All that envy went out the window recently when we heard that anti-Google activists were out in force in the Bay Area to protest the way rich Silicon Valley tech companies like Google have displaced low- and middle-income workers. Since 2011, rents in many Silicon Valley neighborhoods have increased by 40 percent thanks to the kids from tech companies who can afford the fancy new condos and homes real estate developers are building for them.
Not everyone who lives in Northern California makes the same salaries as those at Apple, Facebook, Twitter, Oracle, and scores of other tech companies. Calling themselves the Counterforce, the protestors are also against what the government is doing with our personal data, surveillance, control, and automation.

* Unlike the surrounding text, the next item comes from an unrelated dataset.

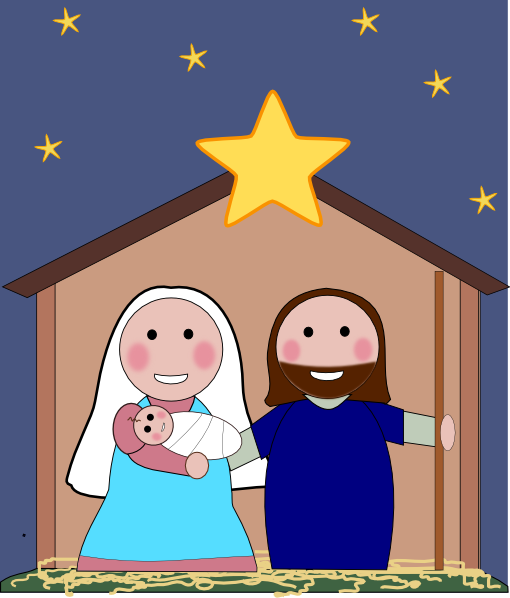 clipart christmas manger scene - photo #11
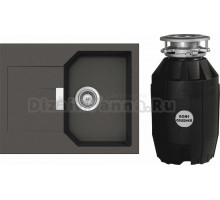 Комплект Мойка Schock Manhattan 40D Cristalite баварский камень + Измельчитель Bone Crusher BC 810-AS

Google was one of the first to be targeted because the company just rolled out a bunch of new luxury, Wi-Fi enabled buses to shuttle workers from San Francisco to Mountain View, headquarters of Google. Activists claim Google buses are picking up workers at city bus stops, disrupting the already busy public transportation vehicles.
A group of protestors even showed up at the Berkeley home of Google developer Anthony Levandowski, preventing him for 45 minutes from getting to work. He is the engineer who is developing the self-driving car. Protestors held signs that said “Google’s Future Stops Here.”
Whose future are the protestors going to try to stop next and in what city? This could escalate.